Para o vereador, divergências entre aliados são comuns e já ocorreram outras vezes

Foto: Fernanda Villas/Metropress
Ao comentar o novo cenário político na Bahia, o vereador Paulo Magalhães Jr. (União) avaliou, em entrevista ao Jornal da Cidade, nesta quarta-feira (4), que o rompimento do senador Ângelo Coronel com o PSD, grupo aliado do governador Jerônimo Rodrigues (PT), faz parte das “dinâmicas naturais” da política.
Segundo ele, divergências entre aliados são comuns e não apagam relações pessoais construídas ao longo do tempo. “Acontece na política, muitas vezes é pessoas que são muito amigas, muito próximas, têm opiniões diferentes, divergem em algum momento, e foi o que aconteceu. Tenho certeza que foi um momento muito difícil para o senador Otto Alencar, também para o senador Ângelo Coronel, que são amigos de longas datas, mas acontece”, afirmou.
Paulo Magalhães Jr. citou ainda exemplos de antigos desentendimentos superados, como entre ACM Neto e João Roma. “Isso aconteceu no passado também, o próprio ACM Neto se desentendeu em algum momento com João Roma, que são compadres e agora estão num momento ótimo, trabalhando junto, compondo a chapa junto, vão trabalhar juntos.

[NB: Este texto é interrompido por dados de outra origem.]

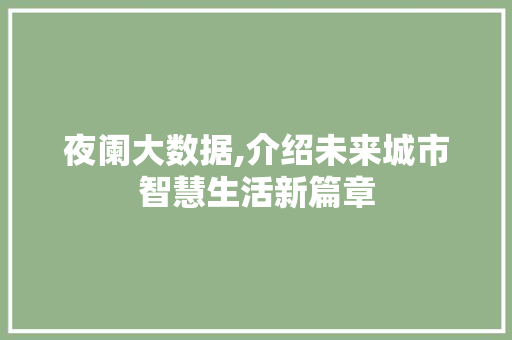 夜阑大数据,介绍未来城市智慧生活新篇章
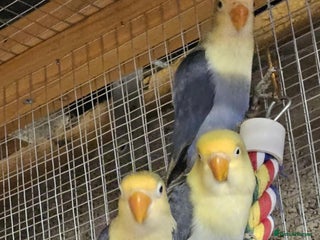 Lovebirds birds - Advert 2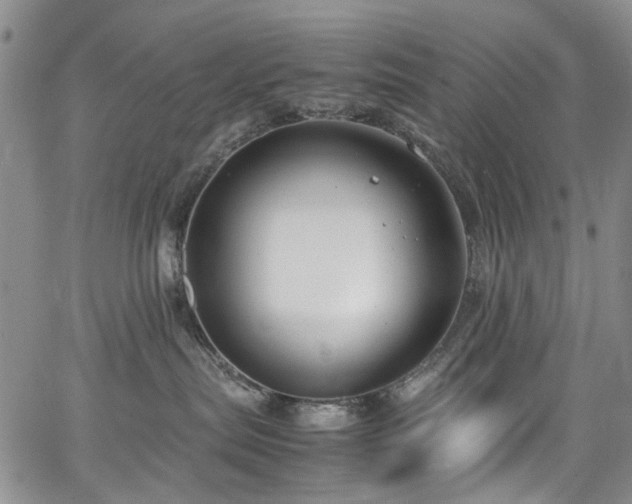 X0000064750287200602101220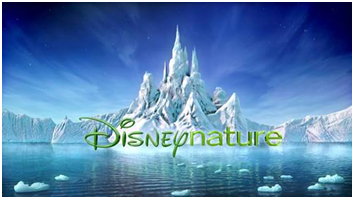 美国主要电影制片公司和发行、投资公司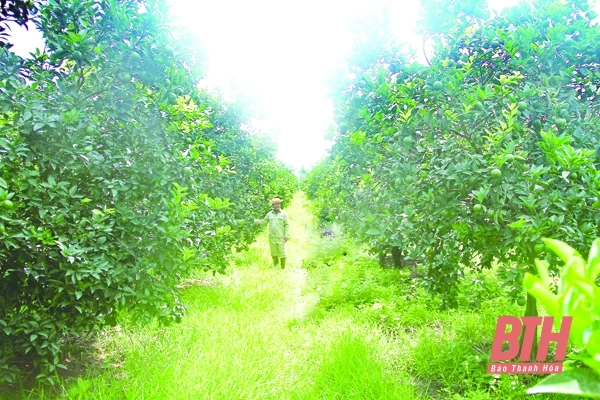 Phát triển kinh tế đồi rừng ở miền núi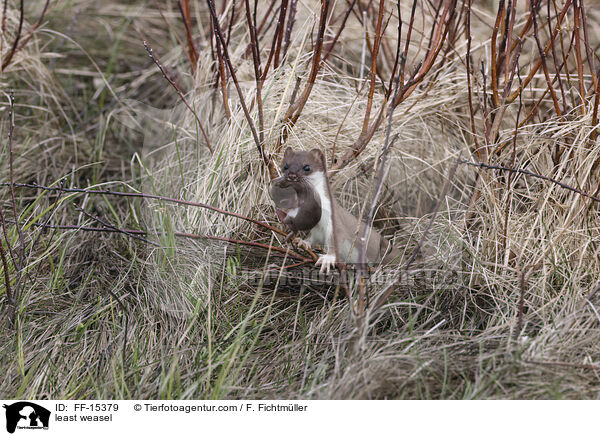 Mauswiesel / least weasel / FF-15379
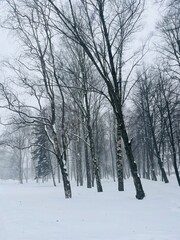 Winter landscape, trees in the snowy park, natural winter background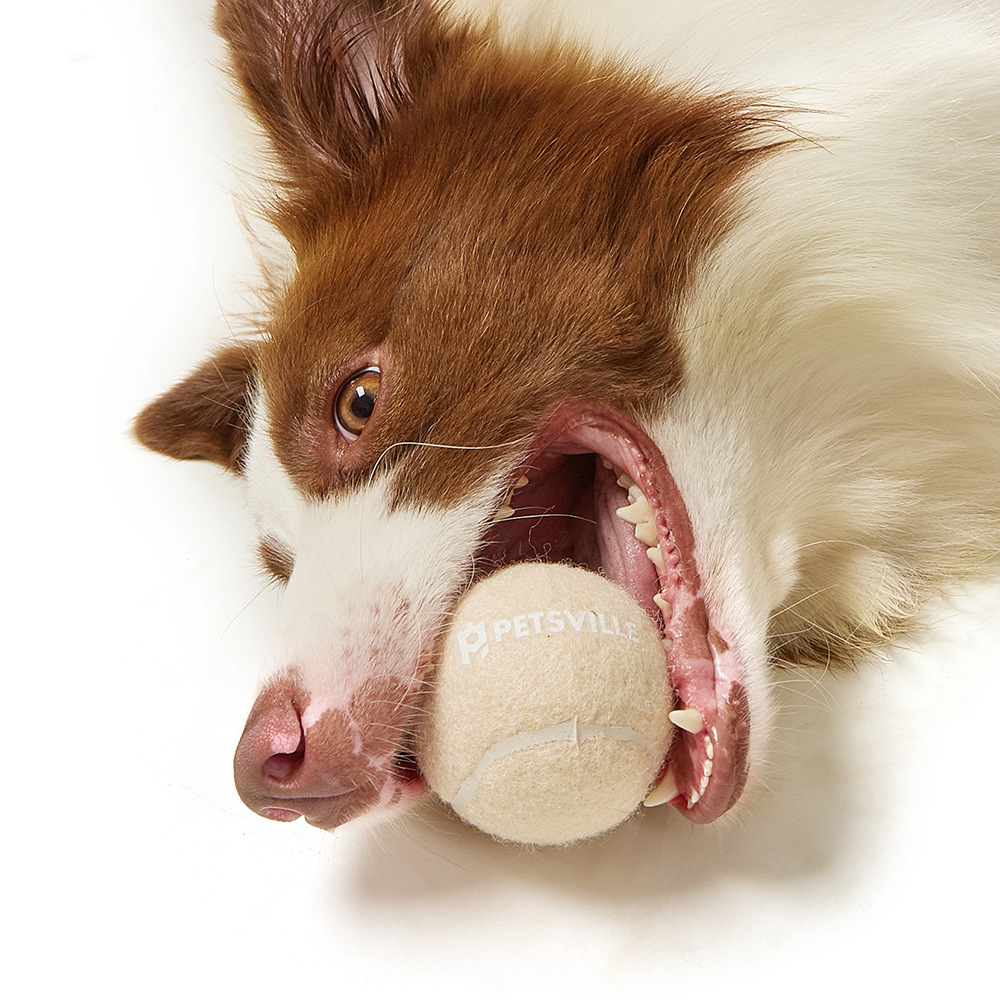 Juguetes Interactivos de Tenis para Perros al Aire Libre — imagen 1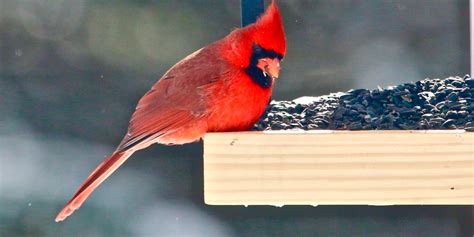 Feeding Cardinals In The Winter - How To Attract & Feed Redbirds!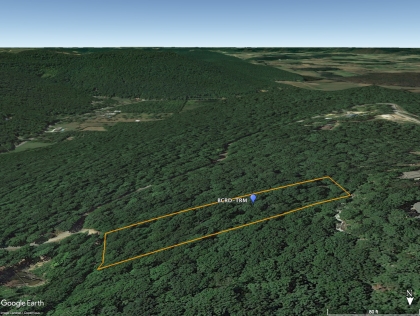 Blowing Cave Rd Tract M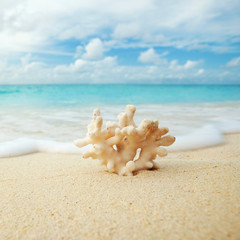 Coral on the beach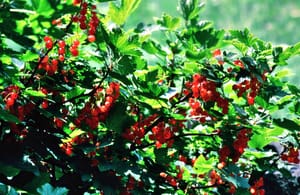 0269 Johannisbeeren im Virgental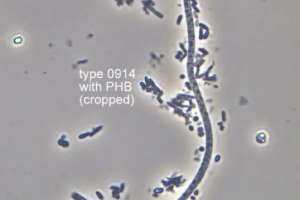 Bug filament type 0914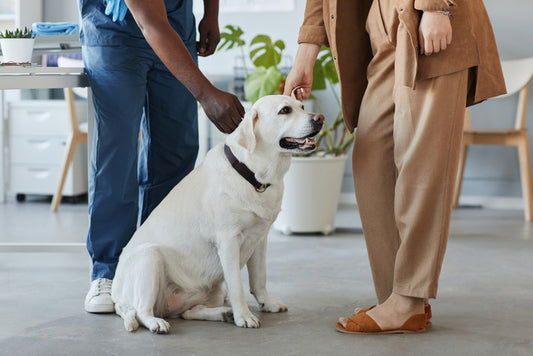 5 tactical collars for working dog breeds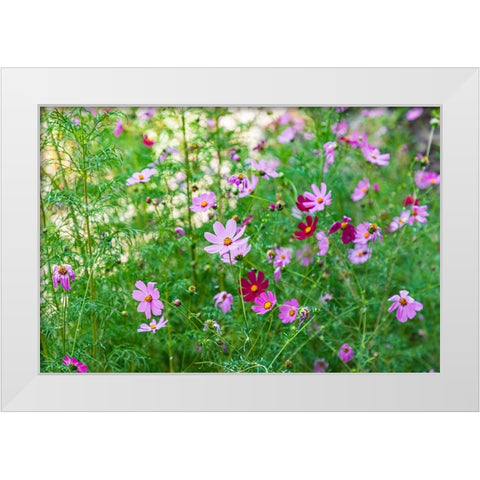 Haft Kul-Sughd Province-Tajikistan Purple daisies in the mountains of Tajikistan White Modern Wood Framed Art Print by Wilson, Emily M.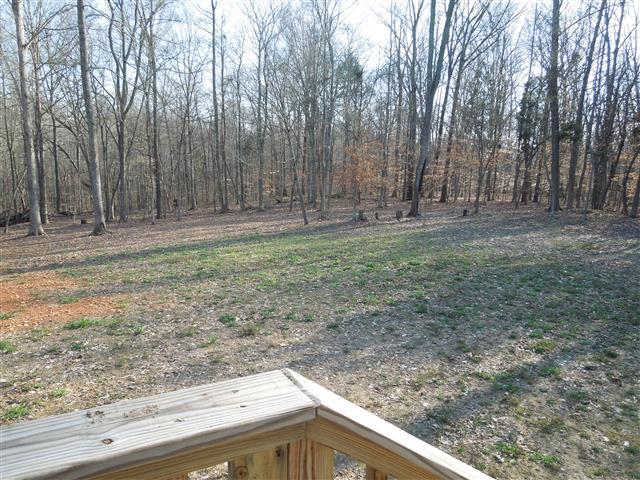 1818 Church Road Clarksville, TN 37040 - Photo 4 of 20 Remaining acreage wooded.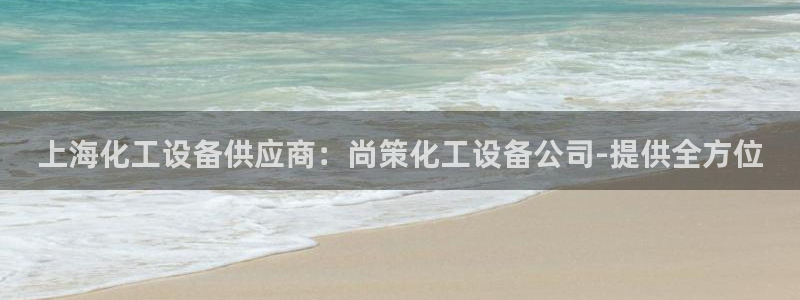 新城平台企业信息查询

Isso faz parte da política, em algum momento da vida você vai se desentender com a pessoa que você gosta, que você confia, isso faz parte”, concluiu.
A fala ocorre após a saída de Ângelo Coronel, no último sábado (31), do PSD e o afastamento da base governista, sinalizando que deve disputar a reeleição ao Senado em 2026 pelo campo de oposição, pelo União Brasil.